_Exercise data_
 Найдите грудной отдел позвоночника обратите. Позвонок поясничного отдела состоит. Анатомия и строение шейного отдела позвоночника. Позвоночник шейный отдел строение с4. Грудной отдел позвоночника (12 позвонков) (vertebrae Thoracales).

...

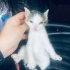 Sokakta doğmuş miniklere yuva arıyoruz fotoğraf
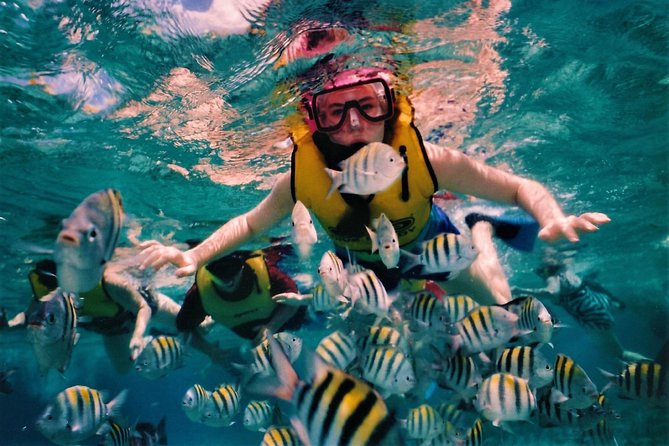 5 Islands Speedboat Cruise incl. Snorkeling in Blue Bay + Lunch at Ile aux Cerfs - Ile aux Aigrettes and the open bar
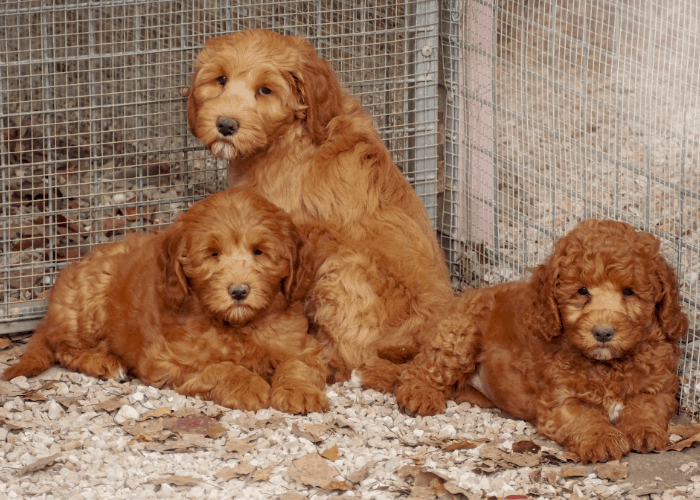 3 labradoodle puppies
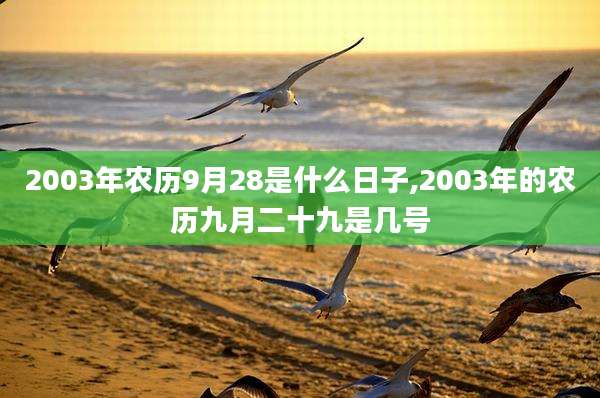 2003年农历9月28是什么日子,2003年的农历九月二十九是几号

...

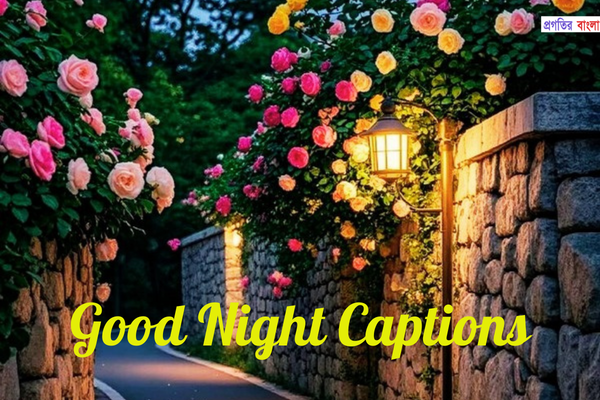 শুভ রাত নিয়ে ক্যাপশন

_Work required_
Using the records above, repeat exactly the run of lines that starts with the line with "3 labradoodle puppies" and goes on through the line with "2003年农历9月28是什么日子,2003年的农历九月二十九是几号"; omit each picture.

_Answer section_
 3 labradoodle puppies
 2003年农历9月28是什么日子,2003年的农历九月二十九是几号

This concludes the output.